Elasticsearch sink connector

The Elasticsearch sink connector reads messages from Pulsar topics and persists messages to indexes.

Configuration

The configuration of the Elasticsearch sink connector has the following properties.

Name

Type

Required

Default

Description

apiKey

String

false

" " (empty string)

The apiKey used by the connector to connect to the ElasticSearch cluster. Only one between basic/token/apiKey authentication mode must be configured.

bulkActions

Integer

false

1000

The maximum number of actions per elasticsearch bulk request. Use -1 to disable it.

bulkConcurrentRequests

Integer

false

0

The maximum number of in flight elasticsearch bulk requests. The default 0 allows the execution of a single request. A value of 1 means 1 concurrent request is allowed to be executed while accumulating new bulk requests.

bulkEnabled

Boolean

false

false

Enable the elasticsearch bulk processor to flush write requests based on the number or size of requests, or after a given period.

bulkFlushIntervalInMs

Long

false

1000

The maximum period of time to wait for flushing pending writes when bulk writes are enabled. -1 or zero means the scheduled flushing is disabled.

bulkSizeInMb

Integer

false

5

The maximum size in megabytes of elasticsearch bulk requests. Use -1 to disable it.

canonicalKeyFields

Boolean

false

false

Whether to sort the key fields for JSON and Avro or not. If it is set to true and the record key schema is JSON or AVRO, the serialized object does not consider the order of properties.

compatibilityMode

enum (AUTO,ELASTICSEARCH,ELASTICSEARCH_7,OPENSEARCH)

false

AUTO

Specify compatibility mode with the ElasticSearch cluster. AUTO value will try to auto detect the correct compatibility mode to use. Use ELASTICSEARCH_7 if the target cluster is running ElasticSearch 7 or prior. Use ELASTICSEARCH if the target cluster is running ElasticSearch 8 or higher. Use OPENSEARCH if the target cluster is running OpenSearch.

compressionEnabled

Boolean

false

false

Enable elasticsearch request compression.

connectionIdleTimeoutInMs

Integer

false

5

Idle connection timeout to prevent a read timeout.

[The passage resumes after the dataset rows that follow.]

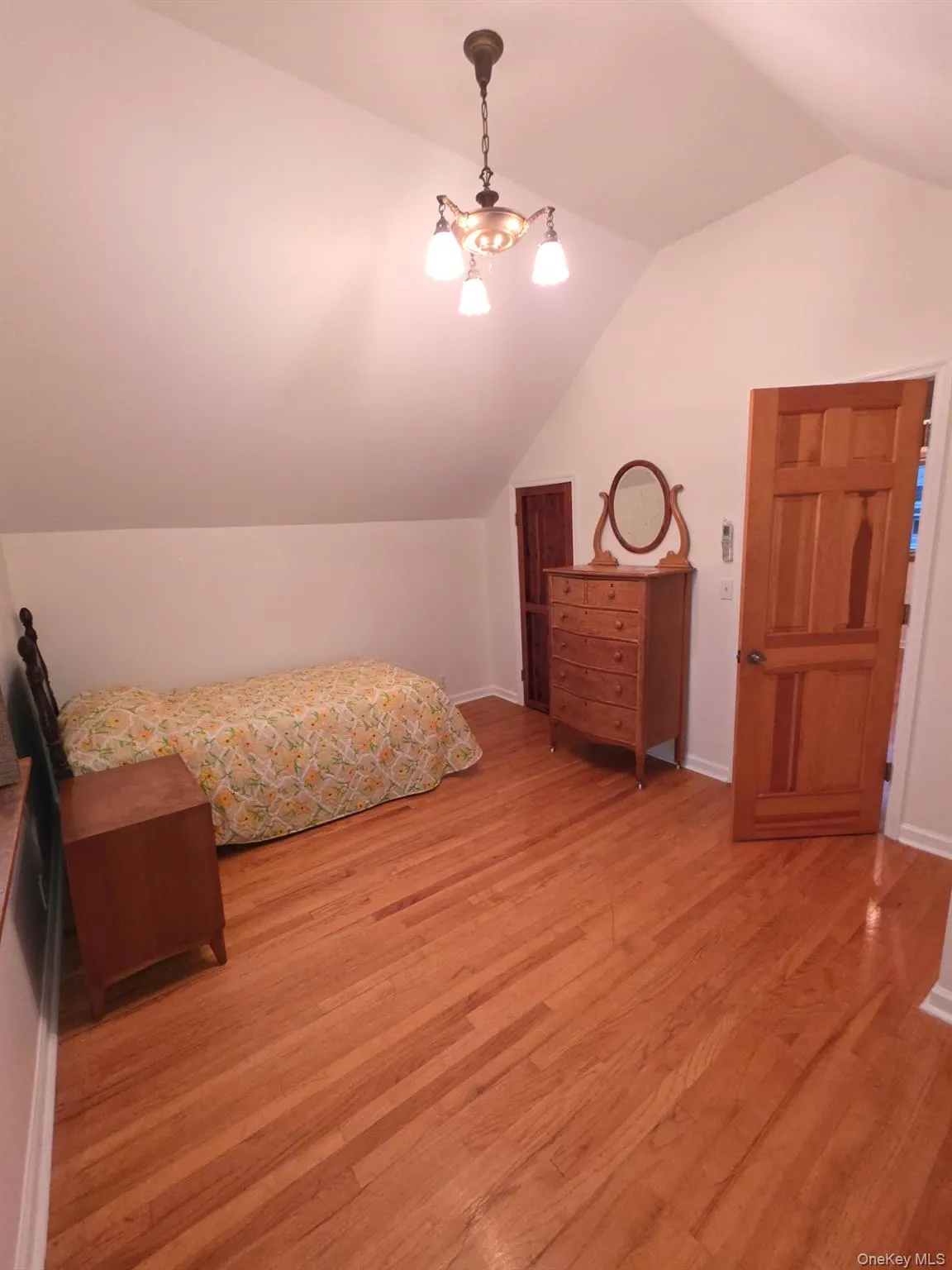 Bedroom with lofted ceiling and light wood-style flooring Bedroom with lofted ceiling and light wood-style flooring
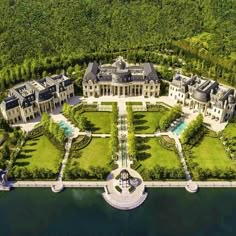 an aerial view of a large mansion on the water's edge, surrounded by lush green trees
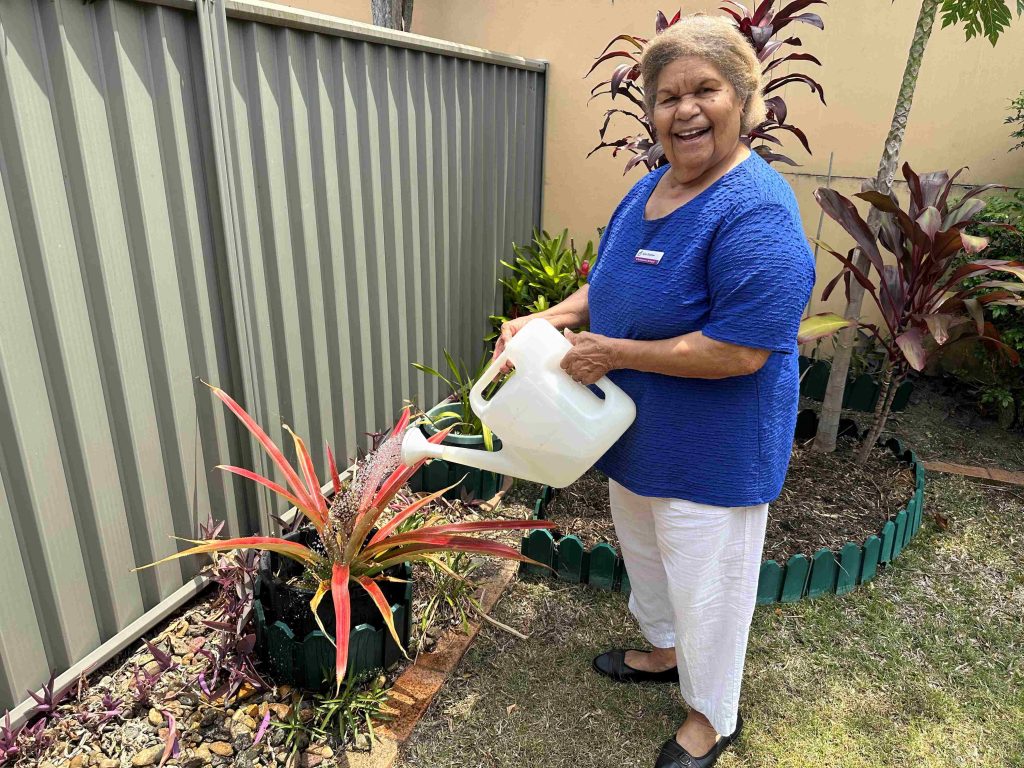 St Bart's, Mt Gravatt parishioner Anne Daddow watering her plants 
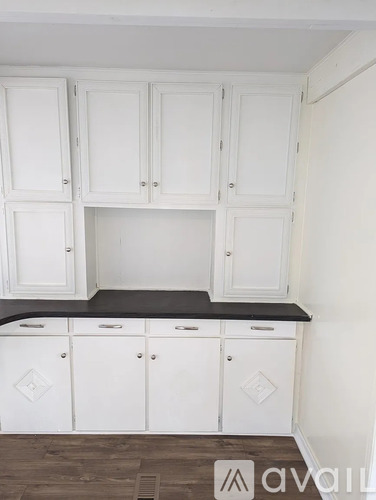 A kitchen with white cabinets and a black countertop.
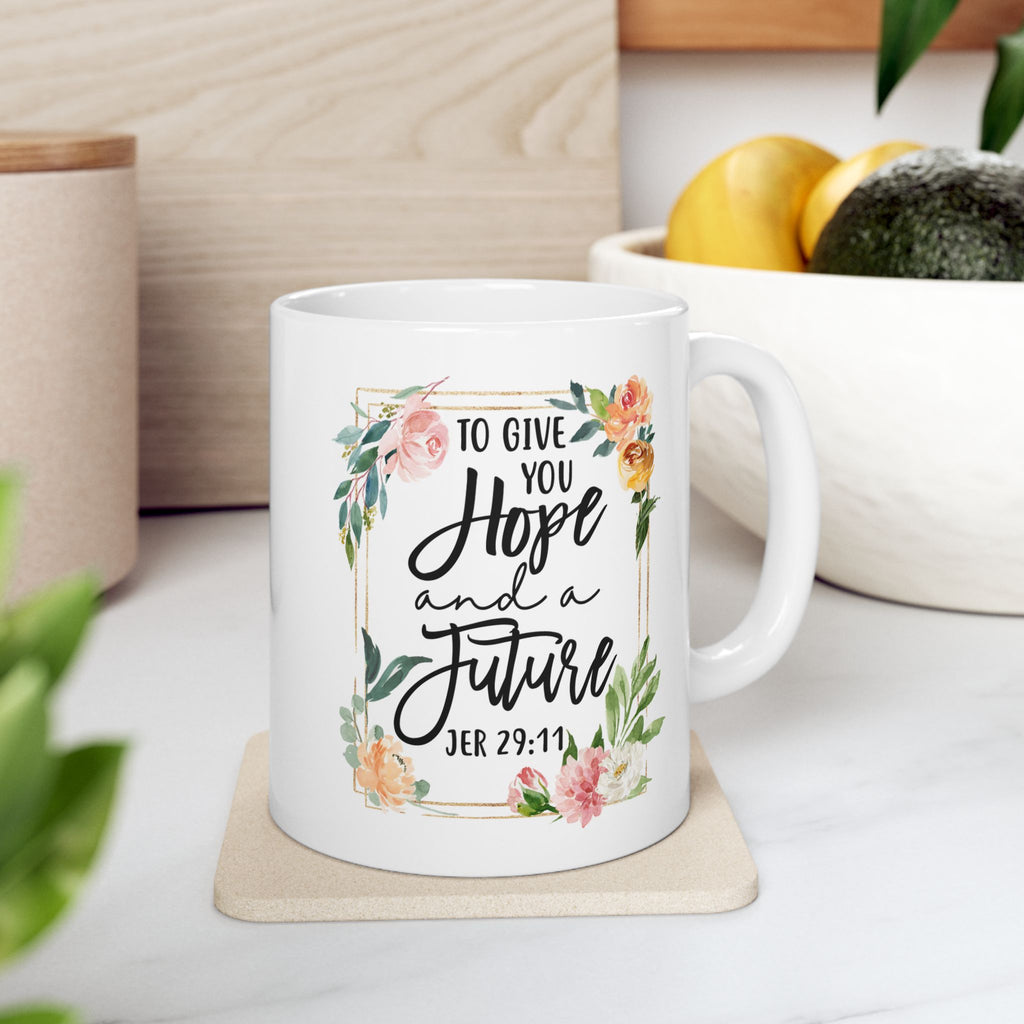 White mug with floral design and text on a coaster, placed on a surface with plants and fruit in the background. Bible Verse Jeremiah 29:11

connectionRequestTimeoutInMs

Integer

false

1000

The time in milliseconds for getting a connection from the elasticsearch connection pool.

connectTimeoutInMs

Integer

false

5000

The elasticsearch client connection timeout in milliseconds.

createIndexIfNeeded

Boolean

false

false

Manage index if missing.

elasticSearchUrl

String

true

" " (empty string)

The URL of elastic search cluster to which the connector connects.

idHashingAlgorithm

enum(NONE,SHA256,SHA512)

false

NONE

Hashing algorithm to use for the document id. This is useful in order to be compliant with the ElasticSearch _id hard limit of 512 bytes.

indexName

String

false

" " (empty string)

The index name to which the connector writes messages. The default value is the topic name. It accepts date formats in the name to support event time based index with the pattern %{+<date-format>}. For example, suppose the event time of the record is 1645182000000L, the indexName is logs-%{+yyyy-MM-dd}, then the formatted index name would be logs-2022-02-18.

indexNumberOfReplicas

int

false

1

The number of replicas of the index.

indexNumberOfShards

int

false

1

The number of shards of the index.

keyIgnore

Boolean

false

true

Whether to ignore the record key to build the Elasticsearch document _id. If primaryFields is defined, the connector extract the primary fields from the payload to build the document _id If no primaryFields are provided, elasticsearch auto generates a random document _id.

malformedDocAction

enum (IGNORE,WARN,FAIL)

false

FAIL

How to handle elasticsearch rejected documents due to some malformation. Possible options are IGNORE, DELETE or FAIL. Default is FAIL the Elasticsearch document.

maxRetries

Integer

false

1

The maximum number of retries for elasticsearch requests. Use -1 to disable it.

maxRetryTimeInSec

Integer

false

86400

The maximum retry time interval in seconds for retrying an elasticsearch request.

nullValueAction

enum (IGNORE,DELETE,FAIL)

false

IGNORE

How to handle records with null values, possible options are IGNORE, DELETE or FAIL. Default is IGNORE the message.

password

String

false

" " (empty string)

The password used by the connector to connect to the elastic search cluster. <br /><br />If username is set, then password should also be provided.

primaryFields

String

false

"id"

The comma separated ordered list of field names used to build the Elasticsearch document _id from the record value. If this list is a singleton, the field is converted as a string. If this list has 2 or more fields, the generated _id is a string representation of a JSON array of the field values.

retryBackoffInMs

Integer

false

100

The base time to wait when retrying an Elasticsearch request (in milliseconds).

schemaEnable

Boolean

false

false

Turn on the Schema Aware mode.

socketTimeoutInMs

Integer

false

60000

The socket timeout in milliseconds waiting to read the elasticsearch response.

ssl

ElasticSearchSslConfig

false

string

Configuration for TLS encrypted communication. See ElasticSearchSslConfig structure.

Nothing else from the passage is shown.